The Role of Intangibles

The past decade has witnessed a dramatic increase in spending on intangibles (not just research and development and advertising expenditures but also expenses related to human capital) relative to capital expenditures on plants and equipment. Given the change, it is not surprising that researchers, including the authors of the 2020 studies “Explaining the Recent Failure of Value Investing,” Intangible Capital and the Value Factor: Has Your Value Definition Just Expired?,” and “Equity Investing in the Age of Intangibles,” and the 2021 study “Value of Internally Generated Intangible Capital,” have focused on the impact on equity valuations and returns resulting from the change in the relative importance of intangible assets compared to physical assets.

The increasing role of intangibles is highlighted by the fact that R&D expenditures increased from 1% of company expenditures in 1975 to 7.5% in 2018, and that in 2015 services’ share of GDP was 74% in high-income countries and just under 69% globally.

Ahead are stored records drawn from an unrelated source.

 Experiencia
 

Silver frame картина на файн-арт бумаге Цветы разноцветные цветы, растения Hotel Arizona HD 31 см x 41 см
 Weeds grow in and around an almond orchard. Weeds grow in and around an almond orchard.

The authors of each of the studies above found that the increasing importance of intangibles, at least for industries with high concentrations of intangible assets, plays an essential role in the cross-section of returns and thus should be addressed in portfolio construction. Not accounting for intangibles affects value metrics but and other measures (such as profitability) that often scale by book value or total assets, both of which are affected by intangibles—and investors recognize at least some of their value.

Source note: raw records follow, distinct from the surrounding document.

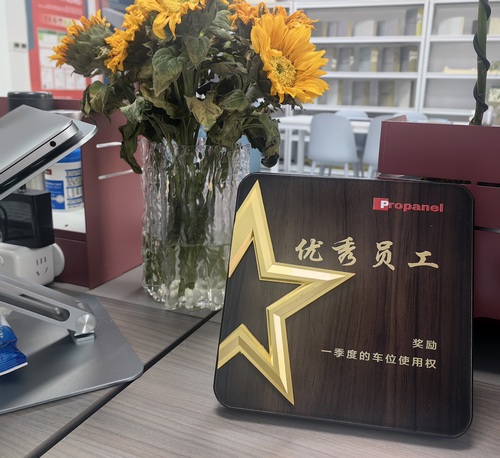 Mia won Propanel's quarterly sales championship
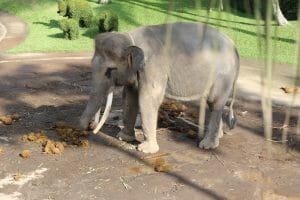 chained up elephant surrounded by feces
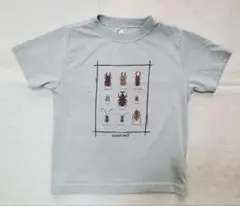 Item thumbnail for item 7b62d931-4c59-4fd8-96eb-5b11c8805ab0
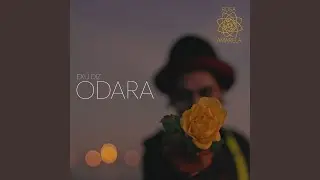 Odara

Given that profitability is one of the key metrics defining quality, an interesting question is: Can intangibles be used to improve the performance of the quality factor? The Vanguard Group’s Mattia Bacciardi, Haifeng Wang, Jishan Mei, and Miao Yang sought the answer in their March 2023 study “Intangibles as a Quality Attribute,” in which they examined whether accounting for intangible intensity could improve the returns to the quality factor. They began by noting: “Intangibles can be defined as all the costs incurred by a firm to sustain or enhance its business operations and hence are expensed in the firm’s income statement but are de facto ‘investments’ or ‘assets’ in an economic sense as they contribute to the company’s future operating performance and profitability. This broad definition of intangible capital encompasses both traditional items such as R&D and software expenses as well as costs whose financial impact is harder to quantify such as those associated with brand equity (marketing and advertising), organizational capital (training and new process improvements) and human capital (talent acquisition and retention, development and up-skilling). These assets are not easily replicated by competitors, which gives the company a competitive advantage. They are often associated with the quality of a company’s management and its ability to innovate and create value. Companies with high-quality management teams and a culture of innovation are more likely to create valuable intangible assets. In other words, higher intangible assets can be a channel that translate company’s daily investment and expense to a company’s long competitive strength, innovation, and customer relationships. They can often be more valuable in the long run and help differentiate a company from its competitors.” That led them to blend intangible asset intensity (IAI) with other established quality attributes.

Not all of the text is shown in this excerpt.